• HOW TO COMPLETE THIS TASK: Extract, from the records beneath this instruction, each line that contains the word "Cities".

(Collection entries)
□ □ □ □ □

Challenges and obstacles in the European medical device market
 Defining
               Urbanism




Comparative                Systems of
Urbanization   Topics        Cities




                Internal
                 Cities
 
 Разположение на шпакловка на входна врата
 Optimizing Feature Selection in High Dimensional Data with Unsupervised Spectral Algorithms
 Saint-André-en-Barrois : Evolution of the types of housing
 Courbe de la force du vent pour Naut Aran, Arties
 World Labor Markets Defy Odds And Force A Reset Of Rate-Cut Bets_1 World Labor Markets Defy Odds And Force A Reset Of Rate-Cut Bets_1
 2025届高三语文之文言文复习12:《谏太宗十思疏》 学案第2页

□ □ □ □ □

• SOLUTION TO THE EXERCISE:
Urbanization   Topics        Cities
                 Cities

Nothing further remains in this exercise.